Warrior Way Back: Bringing Students Back to Wayne State University.

Academic Services Officer, Amber Neher informs previous students about Warrior Way Back enrollment. Source: Tisha Long Sept. 10, 2019

A new program at Wayne State University called Warrior Way Back held an event at Wayne State’s undergraduate library on Tuesday, September 10, 2019. The event focused on bringing awareness to the program and provided former students with more information to join.

Although, the function was small, representatives Chloe Lundine and Amber Neher made it a time to remember. They provided snacks for the students and brought in board games for people who attended with children. For two years, Chloe Lundine and Amber Neher has helped hundreds of students enroll into the program and their goal is to help one-hundred more students who struggles with getting back into Wayne State before the end of 2020.

Enrollment Program Manager, Chloe Lundine speaking with adults who’s interested in joining Warrior Way back. Source: Tisha Long Sept. 10, 2019

Amber Neher says, the program is only available for undergraduate students who seeks to finish their bachelor’s degree.

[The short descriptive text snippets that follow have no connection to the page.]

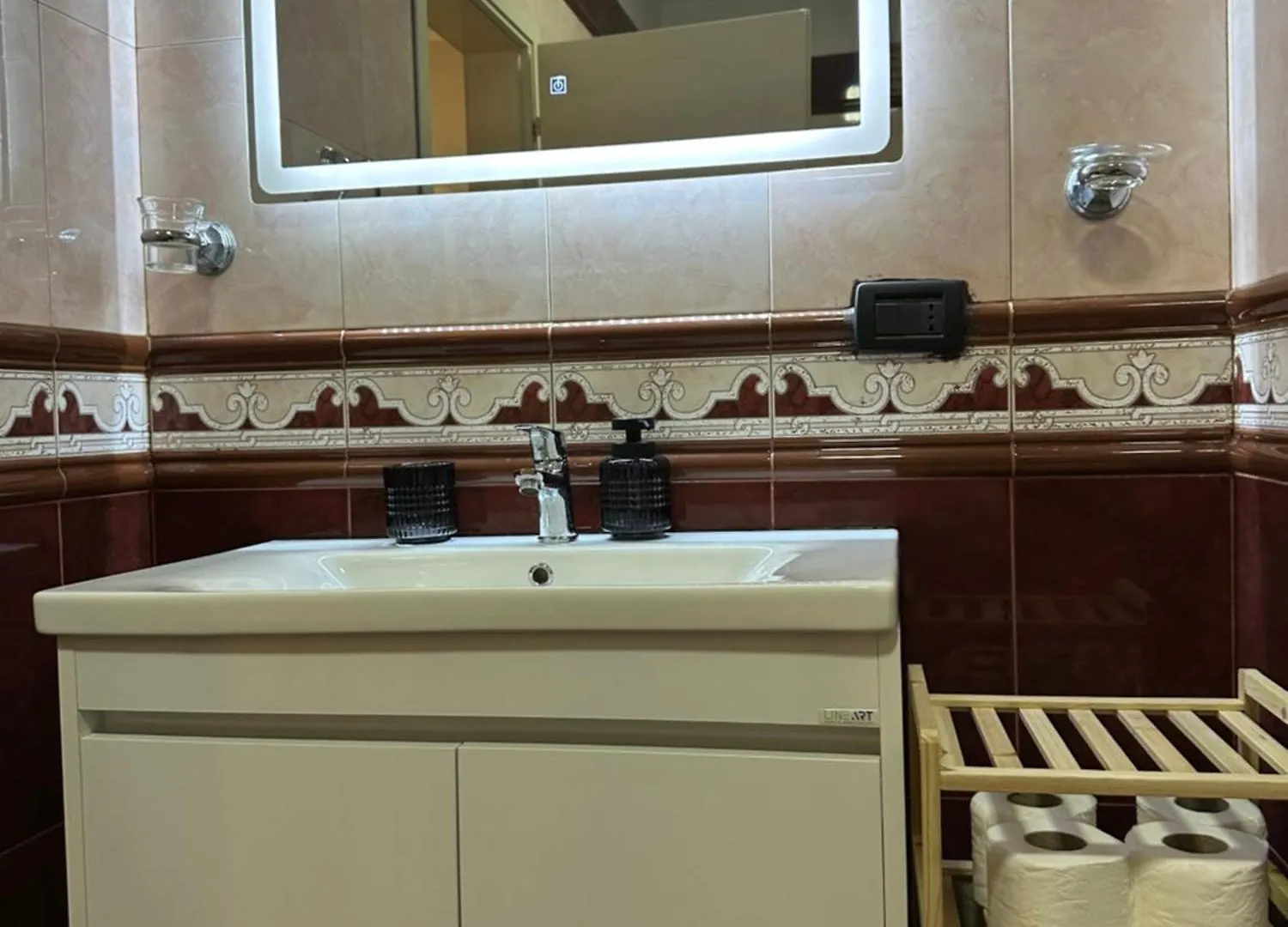 Comfort Apartment 地拉那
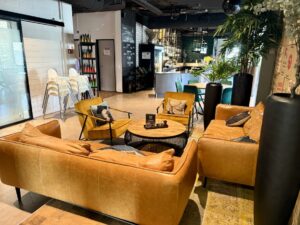 Sitzlounge mit gemütlichen Sofas in senfgelb im Café Rösternest in Illertissen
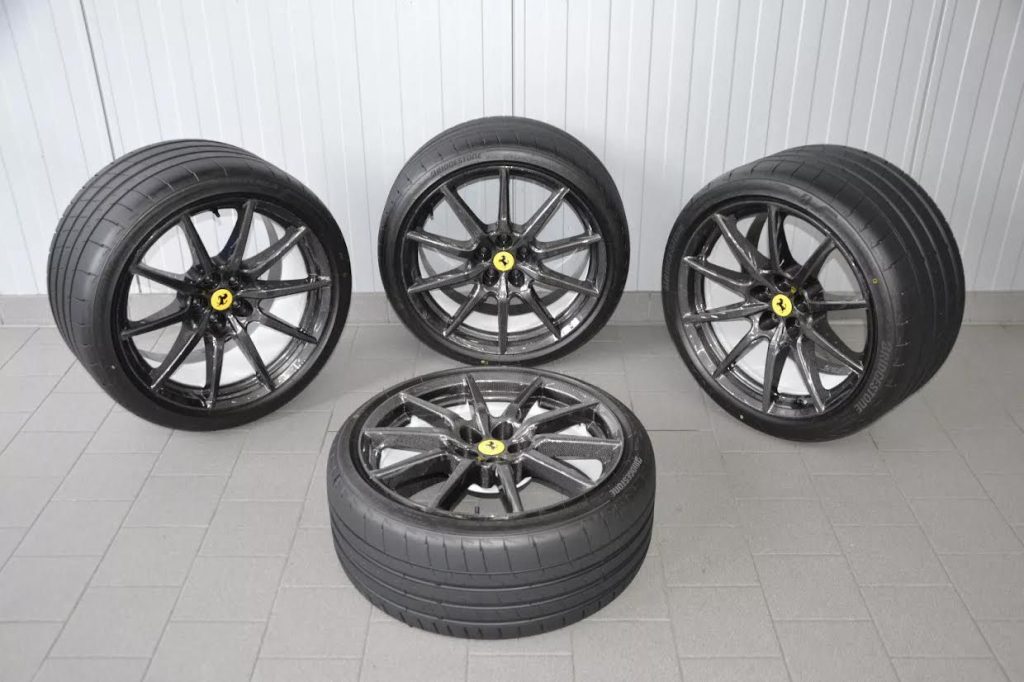 Ferrari SF90 Alloy Wheels Carbon Tires Set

Warrior Way Back has helped hundreds of students pay off past due balances up to $1,500. According to Amber, the program is now expanding to involve students who don’t have a past due balance but may have left Wayne State due to failing grades.

Amber and Chloe go out their way to find students who have not yet found their way to them. “We send out emails , we mail out post cards and sometimes, we go as far as to calling over the phone,” says Amber.

Jermaine Peguese, a junior at Wayne State University, knows all too well about the Warrior Way back program, as he returned to school last winter to finish his degree in constructive management.

Jermaine says, many students are unaware of the program and he wants to help bring awareness to people who needs it. Jermaine is also excited about the school year and expected to graduate with his bachelor’s in 2023.

So far, 20 students have graduated from the University with the help from Chloe and Amber. The two women hope to start a movement and bring the program to other colleges as well.